昭和26年(1951年)生まれの私は63歳になっている。
知人の訃報に接する機会が増えた。
また、同級生は一握りの経営者や自営業者を除いて仕事を離れた。
サラリーマンは長くてもたいてい62歳までである。

私は新年や新年度を迎えるたび、誕生日を迎えるたび、後どのくらい現役を続けられるだろうとの思いが頭をかすめる。
自分の意思と健康もさることながら、世の中に私の力を必要とする人がいることが前提である。
講師やコンサルタントという職業は、こちらの目論見で仕事を得られるほど甘くない。

私は還暦の頃から、一年一年を大切にする気持ちが強くなった。
むろん、これまで粗末にしてきたわけでない。
むしろ、周囲に異常と映るほど頑張ってきた。
しかし、「生産性」の概念を欠いていた。
私は父から譲り受けた頑丈な体に任せ、無理を重ねてきた。
こだわりの世界で生きたがる職人気質(かたぎ)なので、納得のいく仕事を限界まで追い求めた(誤解が生じないように説明を補うと、自分のためだけにそうしたということでない)。
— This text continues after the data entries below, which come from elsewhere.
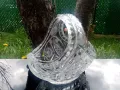 Кристална кошница, снимка 2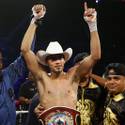 Abraham vs. Ramirez WBO Super Middleweight Fight
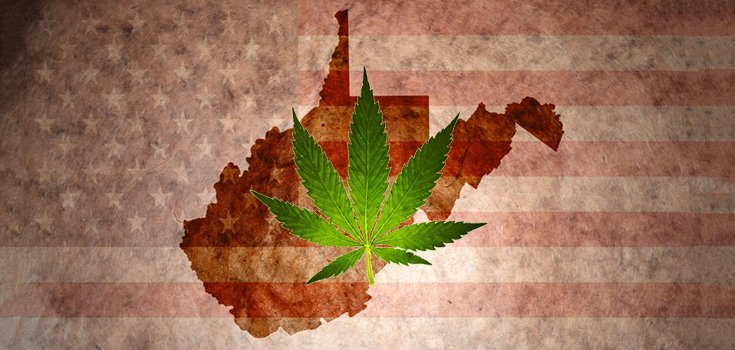 Legal Medical Marijuana is Coming to West Virginia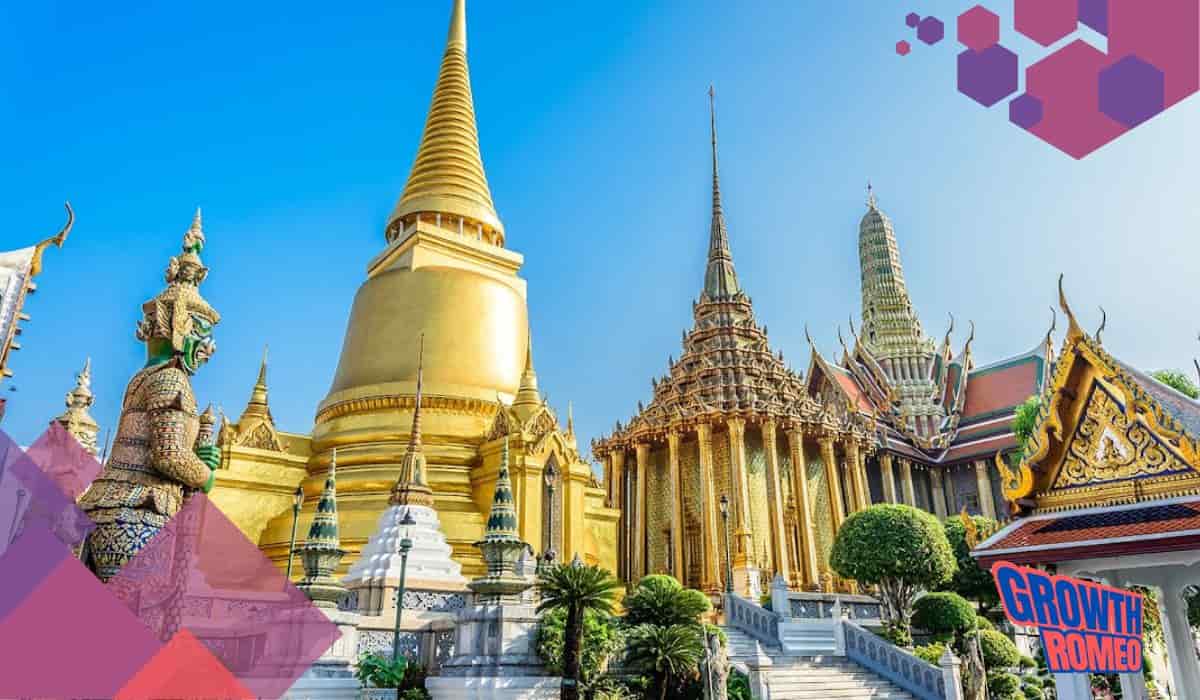 12 Business Ideas in Thailand To Start In 2024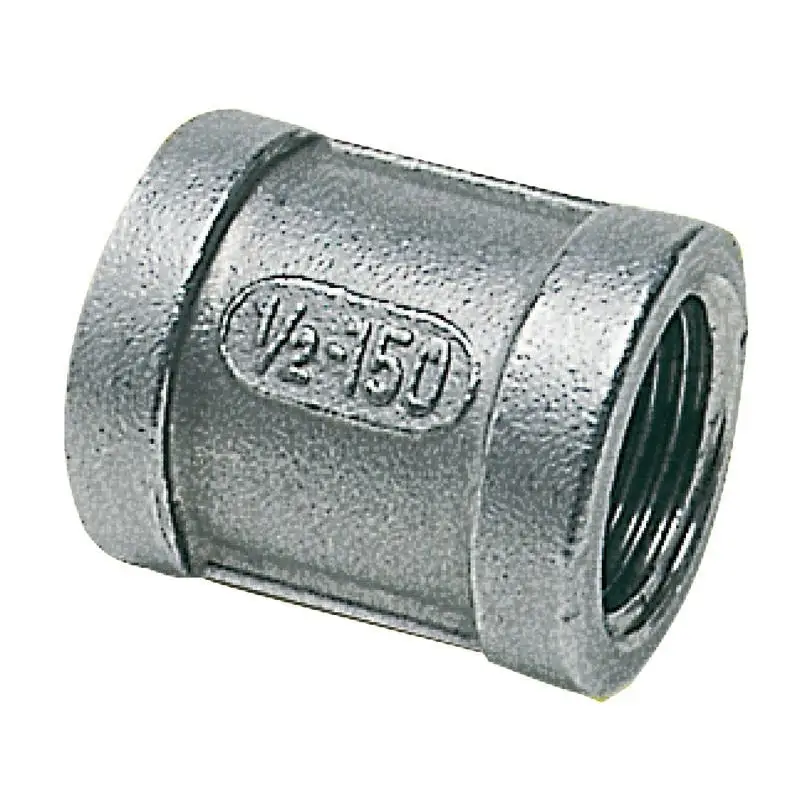Manicotto inox 1 1/2 per applicazioni nautiche - qualità e resistenza garantite Offerta Del Giorno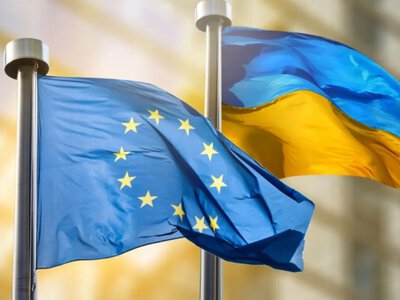 Україна отримала 2,9 мільярда євро від Європейського Союзу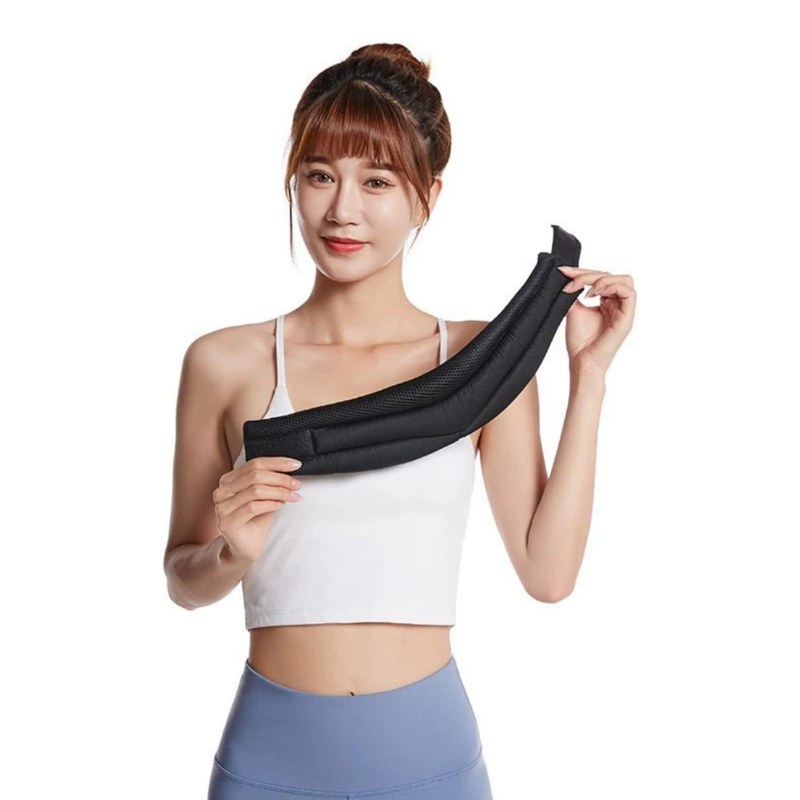 NeckFine™ | Justera din nacke – stoppa snarkning och sömnapné naturligt!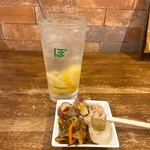 クバーノクバーノ - 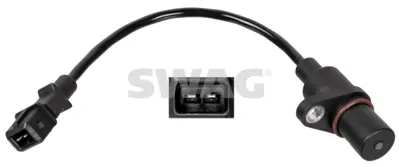 SWAG 90 10 8166 Krank Mılı Sensörü - Hyundaı 3918026900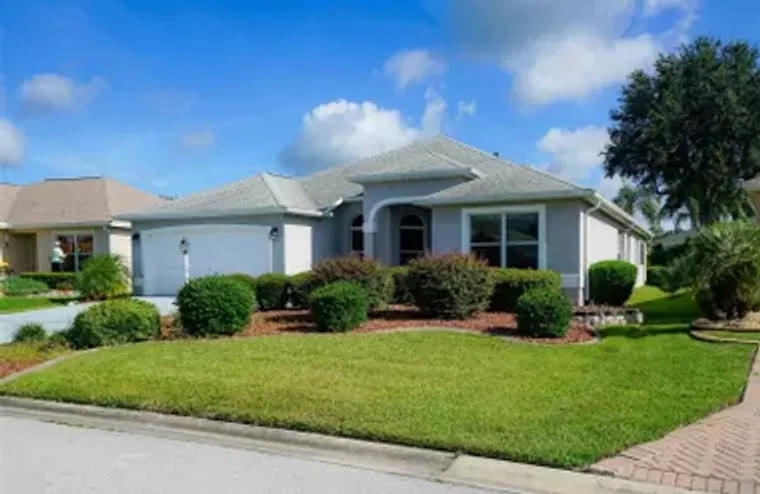 7233 SE 171ST POND LN, THE VILLAGES, FL,..., The Villages, FL 32162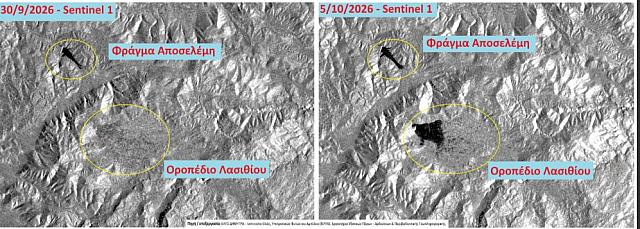 Κακοκαιρία από ψηλά 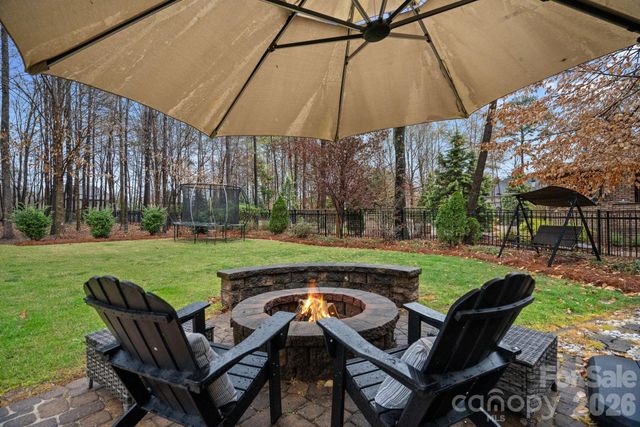 1104 Anniston Place, Wesley Chapel, NC 28079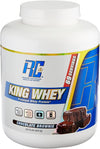 Ronnie Coleman King Whey Sport 5 Lbs Chocolate Milk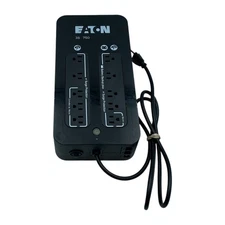 Eaton 3S750 UPS Battery Backup and Surge Protector - No Battery
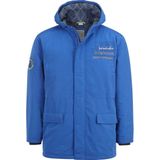 Jan Vanderstorm - Runa - Heren Jack - Blauw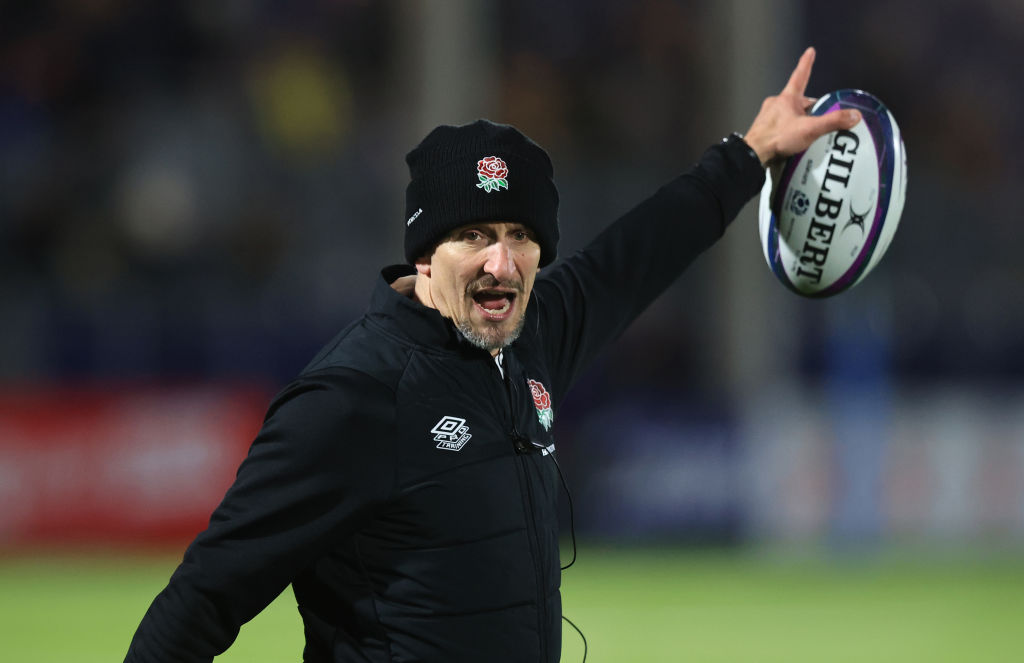 Current England Under-20 coach Alan Dickens is set to be named as Leicester Tiger's attack coach, Morning Wire understands.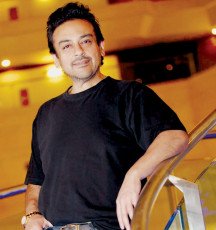 adnan sami pakistan airforce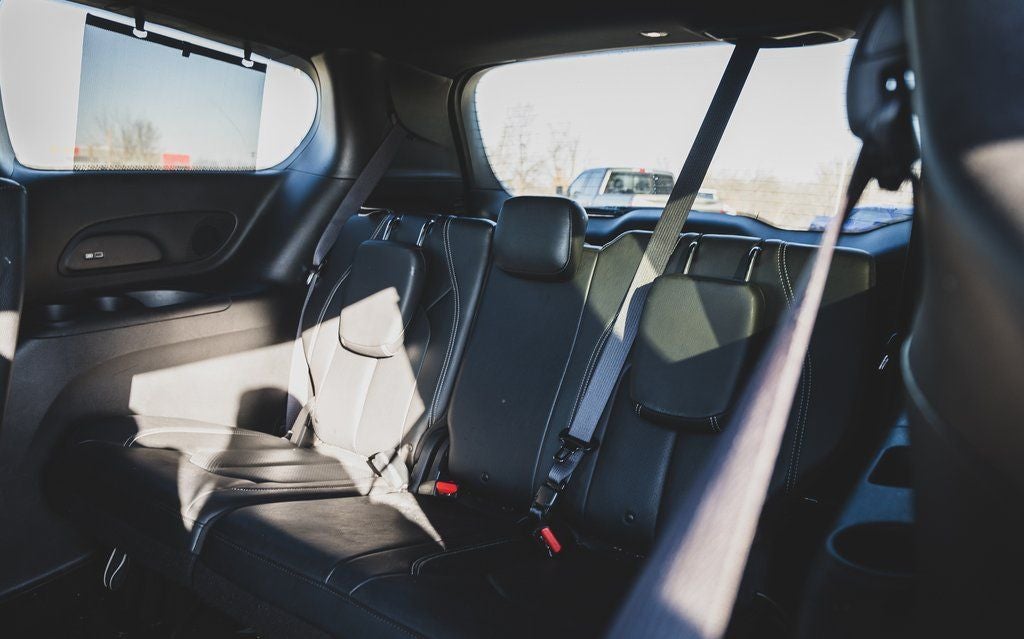 2020 Chrysler Pacifica Touring L Plus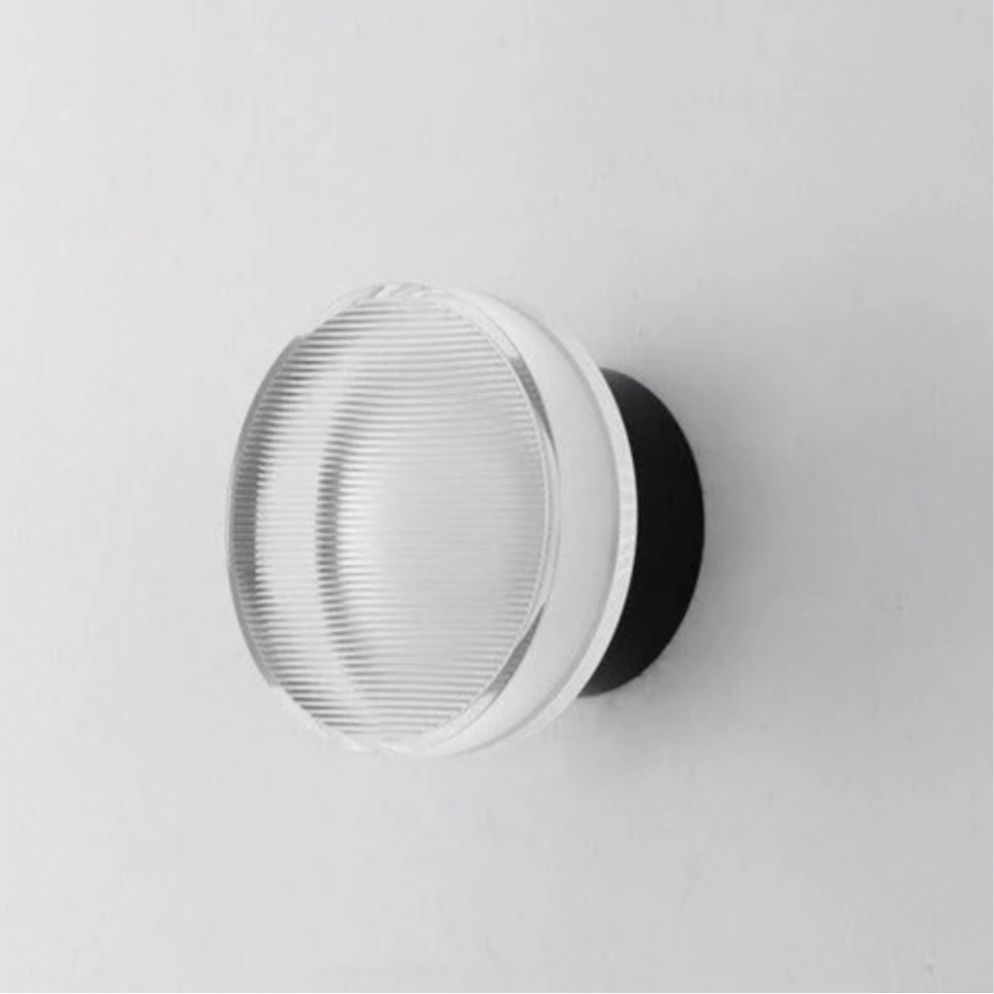 Aurelis – Aluminum LED Dome Wall Ceiling Light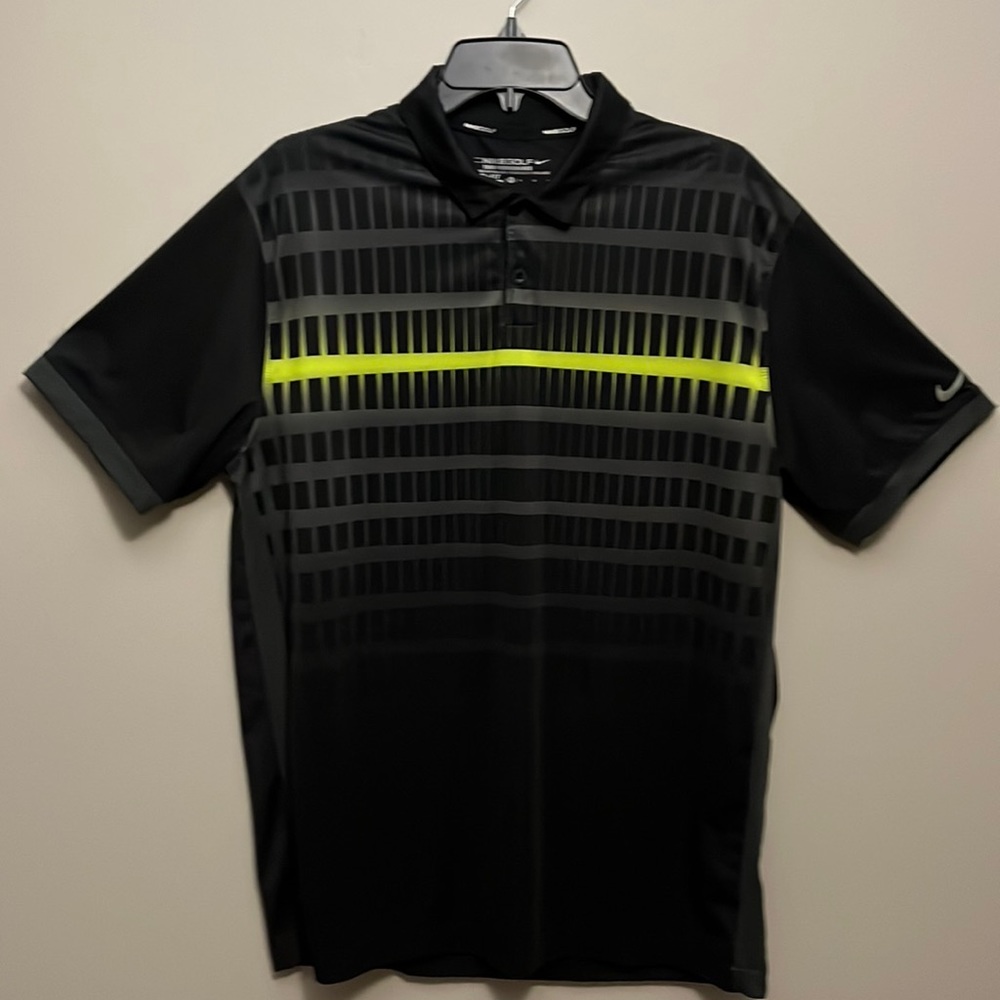 Nike Golf Shirt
近年、がむしゃらに働くと反動がひどく、しかも長く尾を引くようになった。
老いを痛感させられる。
再婚後の妻と子がおり、まだ命を落とせない。
仕事の効率を意識するという、昔の自分に考えられない変化が現れた。

また、困ったことに、職業人生の残りが短くなるにつれ、やりたいこと(テーマ)が次々と出てきた。
おもに「マネジメント」と「マーケティング」に関わる教育や指導である。
私が当時、私立で唯一だった明治大学経営学部を選んだのはマネジメントに関わりたかったからだ。
また、職業として認知されていなかったプランナーとして生計を立てようとしたのはマーケティングに関わりたかったからだ。

私は晩年に達し、「原点回帰」の情熱が湧いてきた。
それを叶えたくて一年一年、さらに一日一日をいとおしんでいる。
夏以降に開催した「理念経営」「戦略経営」「理念採用」「社員採用」「社長の態度力」「上司の態度力」「管理者の報連相」「新事業・新商品開発」などのセミナーはその成果の一端である。
コンテンツの練磨に精魂を傾け、心血を注いできた。
3年間で30テーマ前後のリリースを予定しており、ラインアップがかなり充実する。

私は、かつては大手企業とのつきあいが大半だったが、このところは中小企業、それも内需型の地方企業とのつきあいに力を入れている。
収入は前者がはるかに勝るが、やりがいは後者が断然大きい。
自分が得意とする「教育指導」の側面から、低迷や衰退に苦悩する企業の業績回復・拡大に貢献したいのだ。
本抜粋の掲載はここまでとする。